Herbert Moraes
Herbert Moraes

A celebração da morte

Parece que as lideranças pa­lestinas e israelenses perpetuam o confronto porque é do inte­resse dos dois lados

Com bandeiras verdes do Hamas, jovens celebram na Faixa de Gaza acordo de cessar-fogo duradouro assinado por autoridades palestinas e de Israel no Cairo

Com bandeiras verdes do Hamas, jovens celebram na Faixa de Gaza acordo de cessar-fogo duradouro assinado por autoridades palestinas e de Israel no Cairo

Logo depois de anunciarem que um acordo havia sido alcançado no Egito, o Hamas convocou a população da Faixa de Gaza para sair às ruas e comemorar a “vitória da resistência”. Cercados por uma incrível devastação, milhares de pessoas celebraram, soltaram fogos de artifício, e entoaram canções que lembravam os mortos ou “shahids”, que eles preferem chamar de mártires.

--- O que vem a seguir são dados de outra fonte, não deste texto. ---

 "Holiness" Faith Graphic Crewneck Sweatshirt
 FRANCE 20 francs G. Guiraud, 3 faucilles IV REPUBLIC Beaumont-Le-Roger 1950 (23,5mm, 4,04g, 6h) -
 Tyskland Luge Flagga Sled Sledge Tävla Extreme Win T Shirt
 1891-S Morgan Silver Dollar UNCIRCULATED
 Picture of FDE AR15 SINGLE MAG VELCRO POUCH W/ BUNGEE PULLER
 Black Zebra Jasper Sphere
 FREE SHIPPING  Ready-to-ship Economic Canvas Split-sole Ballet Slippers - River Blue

Parece absurdo, senão obsceno, tanta alegria em meio a tanta destruição. Afinal a guerra causou a morte de pelo menos 2.100 palestinos, entre eles quase 500 crianças, bairros inteiros foram destruídos e os túneis do Hamas foram expostos e bombardeados. O grupo utilizou boa parte do arsenal de mísseis e foguetes (segundo o exército de Israel restam apenas 20%) durante as sete semanas de confronto, que mataram 70 israelenses entre eles cinco civis. Mas apesar das baixas, em nenhum momento houve qualquer tipo de ameaça existencial ao Estado judeu nesse período. Nada que pudesse ser comparado ao verão infernal que os palestinos de Gaza viveram durante 50 dias intermináveis.

Mas se o sofrimento foi tão grande, porque eles pareciam tão jubilantes ao final da guerra e os israelenses, ao contrário, estavam ansiosos e decepcionados. O que celebravam? A sobrevivência?

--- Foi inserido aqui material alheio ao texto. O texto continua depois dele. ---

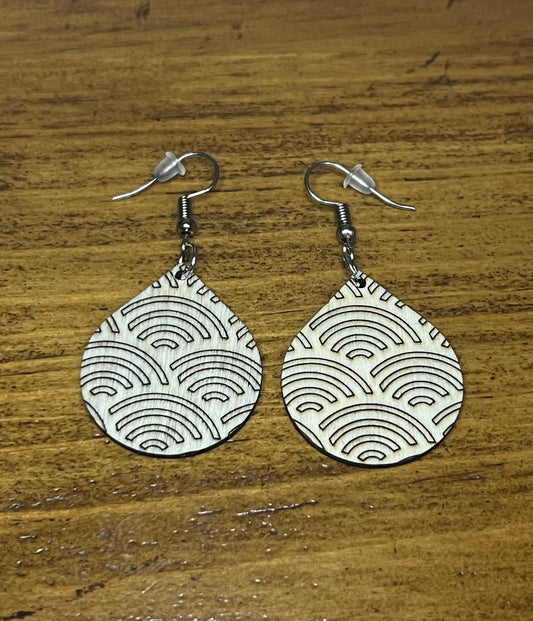 Boho Rainbow Teardrop Earrings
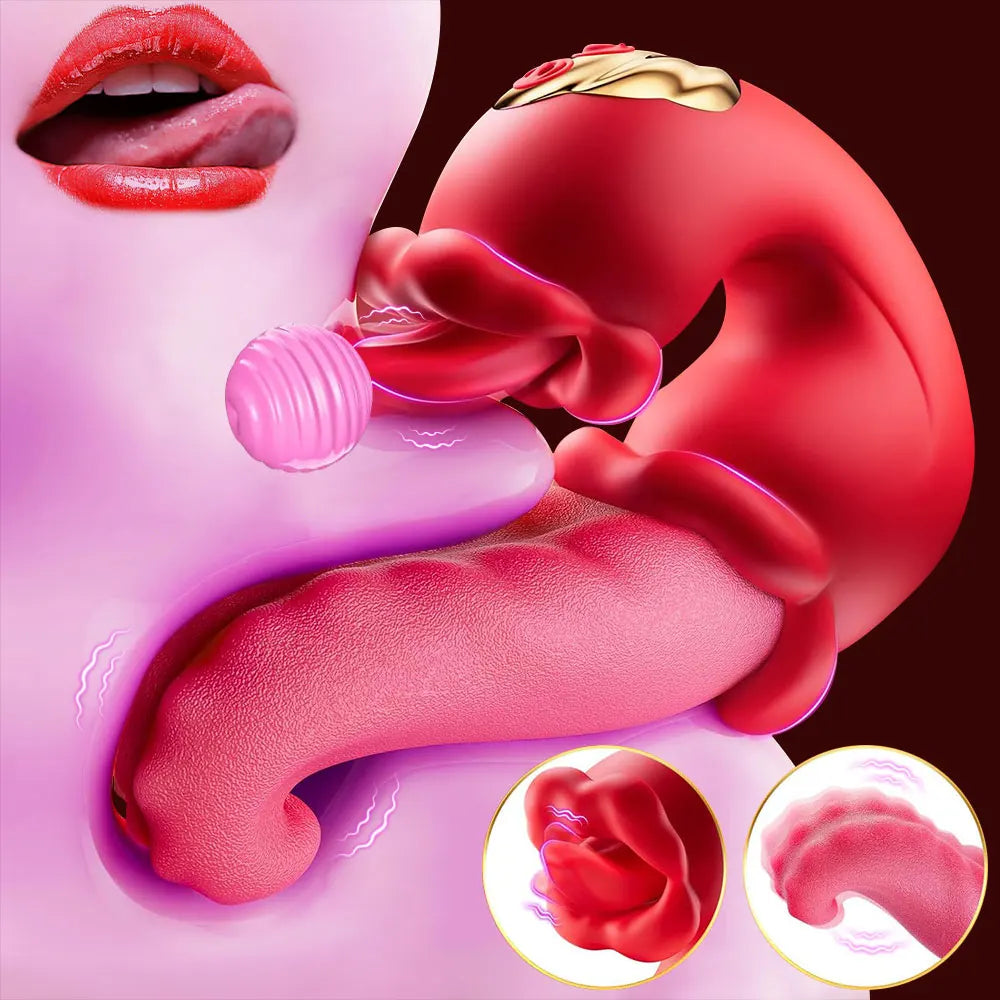 Vibrator for Women 4 in 1 Tongue Thrusting Vibrator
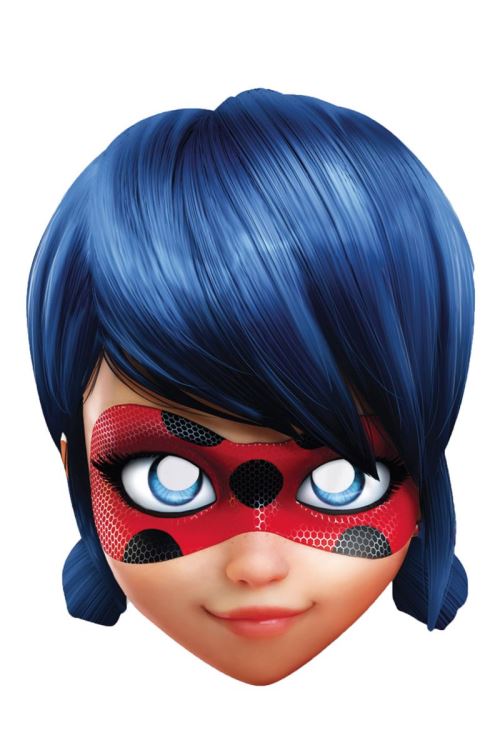 Masque Carton Ladybug™ Miraculous™ - Bleu - Taille Unique
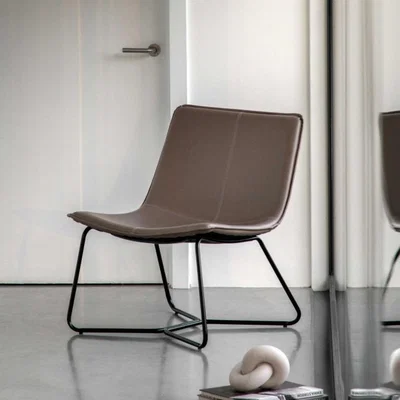 Knees Hawking Lounge Chair - Ember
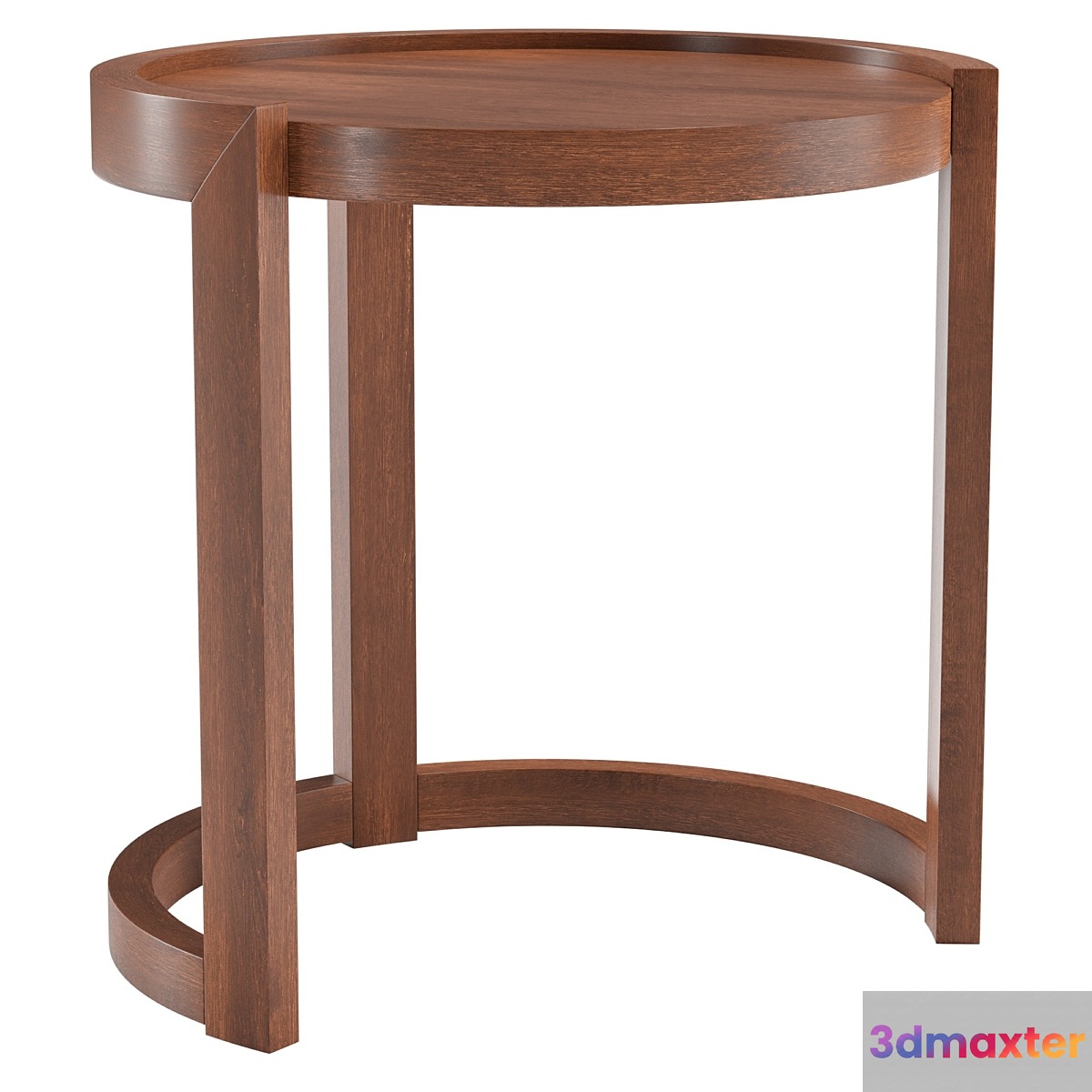 1950s Round Mahogany Side Table by Paul Laszlo 3D Max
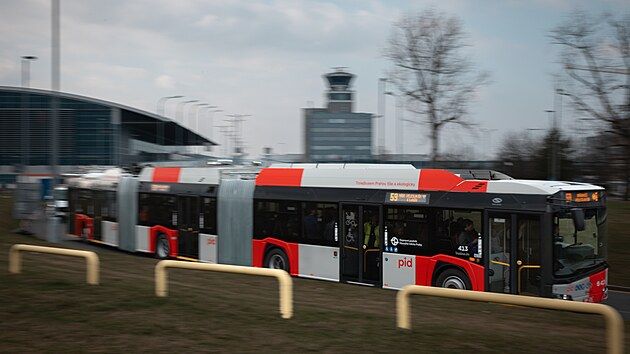 Slavnostn zahjen provozu trolejbus na trase Ndra Veleslavn - Letit Vclava Havla (6. bezna 2024)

Milhares não tiveram a mesma sorte, e outras centenas de milhares estão desabrigados. Foi então a celebração da resistência? Talvez. Na Faixa de Gaza, com exceção dos líderes do grupo islamita radical, ninguém tinha para onde ir durante os bombardeios. E se se rendessem sabiam qual era o destino dos “fracos” em Gaza: o paredão do Hamas. Na verdade foi uma festa forçada, uma celebração de “araque”, imposta pelo grupo terrorista que sempre ao final de mais um round de violência como esse, determina que o povo vá para as ruas, celebrar a morte. Uma forma de passar a ideia de que são eles os vencedores, e a única maneira que os líderes encontram para manter a moral da população lá em cima, mesmo que às custas do sofrimento e da dor de quem ainda não teve tempo de chorar pelos que se foram ou de lamentar pelos que estão feridos. Com o fim do conflito, os palestinos de Gaza agora terão que lutar pela sobrevivência. Não há água, comida e nem teto. E para completar o triste quadro, doenças perigosas como meningite e cólera se espalham rapidamente.

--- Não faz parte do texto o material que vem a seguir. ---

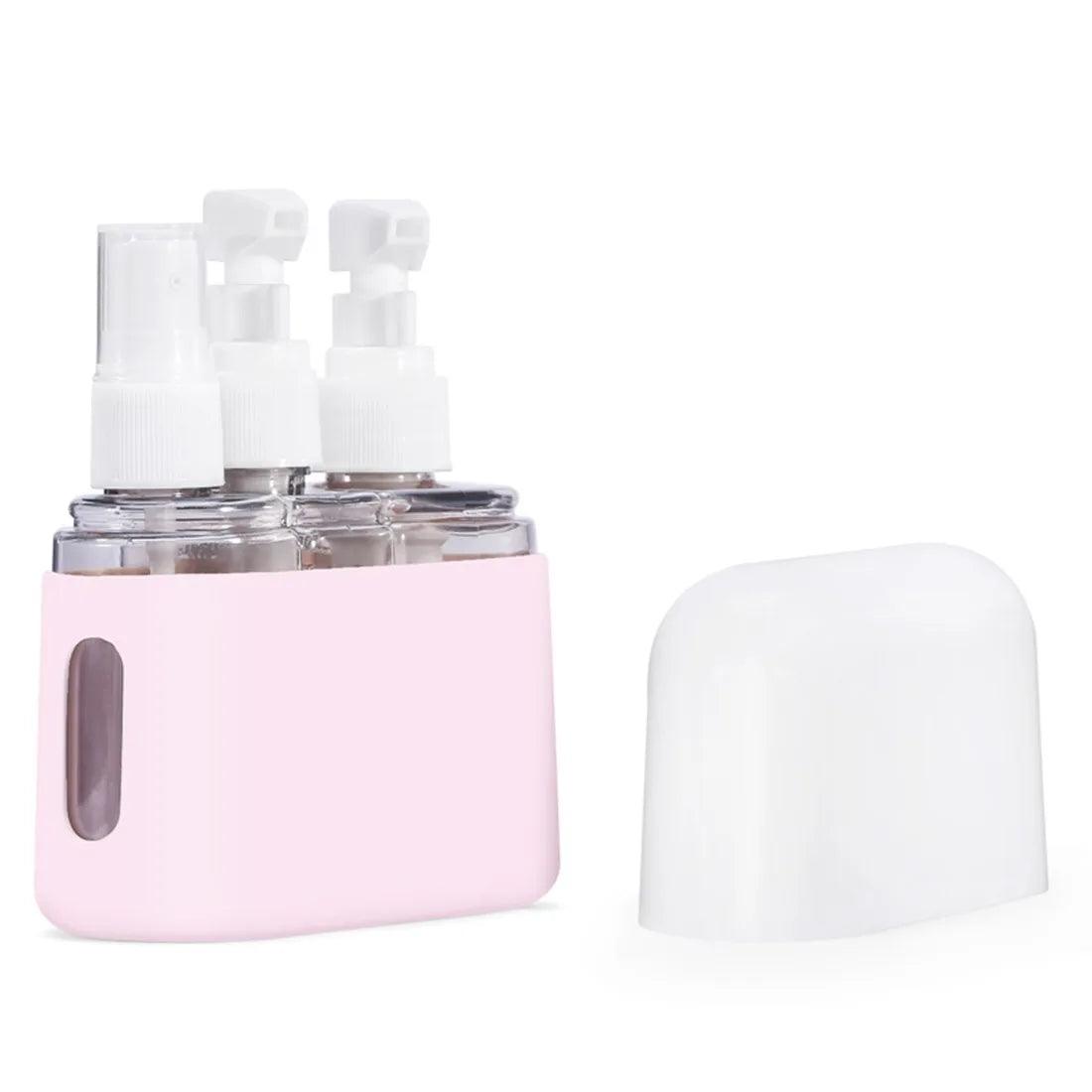 2/3/4 - In - 1 Travel Refillable Bottle Set Combination Liquid Lotion Shampoo Shower Gel Dispenser Empty Cosmetic Container Atomizer - Ammpoure Wellbeing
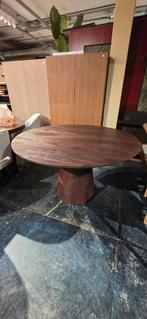Ronde Eettafel Mangohout Bruin – 130cm Showmodel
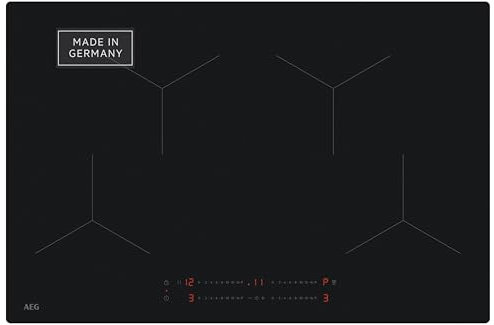 AEG Induktionskochfeld Autark 80 cm, Made in Germany, 4 Flex-Kochzonen mit kratzresistenter SaphirMattSE-Oberfläche, Powerfunktion für schnelleres Kochen, Timer, Touch-Bedienung, Rahmenlos, TO84IA0FIT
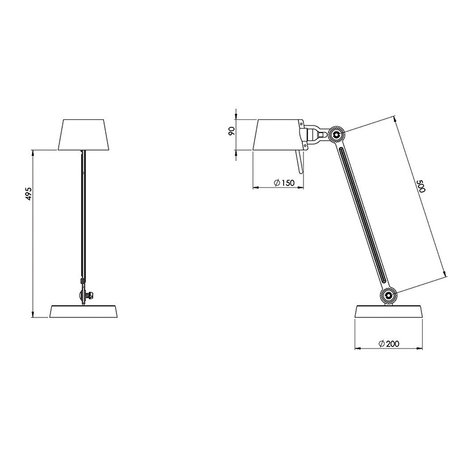 Tonone bolt desk lamp 1 arm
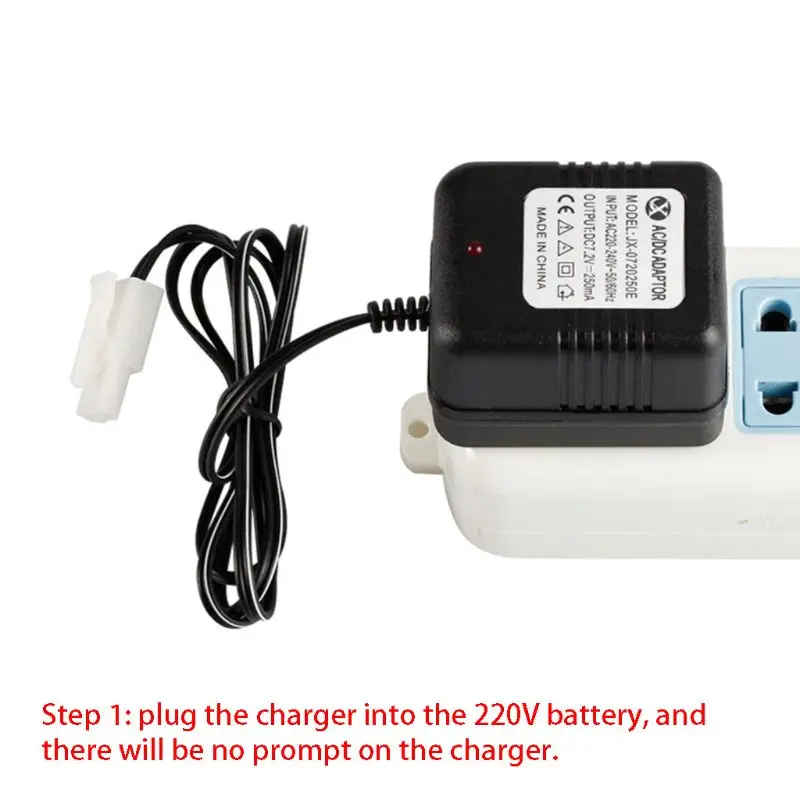portable smart charger charging adapter for 7 2v ni cd ni mh battery with ket 2p plug for rc remote car toys free global shipping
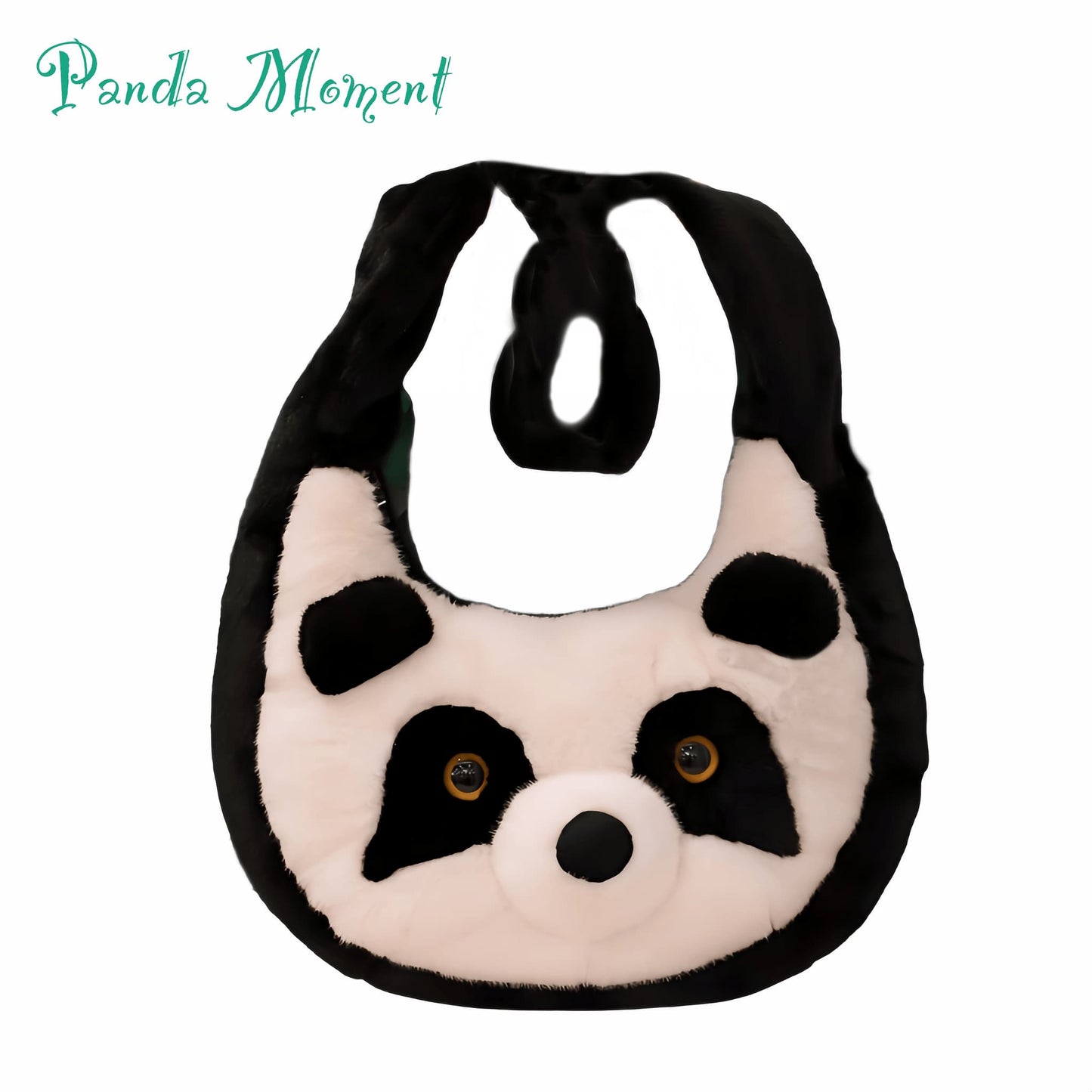 Fluffy Panda Backpack Purse – Soft Toy-Inspired Daypack for Travel or Daily Use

E o que Israel conseguiu al­cançar nesses 50 dias de guerra? Ok, os túneis do Hamas foram expostos e destruídos. Eles seriam usados para provocar massacres e sequestros de moradores do sul do país. Esse é único motivo que líderes e população conseguem ter em comum para justificar tantas mortes até que o perigo fosse eliminado. Mas a sensação que os israelenses têm, assim como qualquer um que observe de longe os resultados do conflito, é que o final é sempre o mesmo. Uma sensação déja vu que se repetiu quatro vezes só na última década. Tantas mortes, tanta destruição e tão poucos resultados que pudessem levar a uma resolução de paz du­radoura. A impressão que se tem é que as lideranças, tanto pa­lestinas quanto israelenses, perpetuam o confronto porque é do in­te­resse dos dois lados que fique assim.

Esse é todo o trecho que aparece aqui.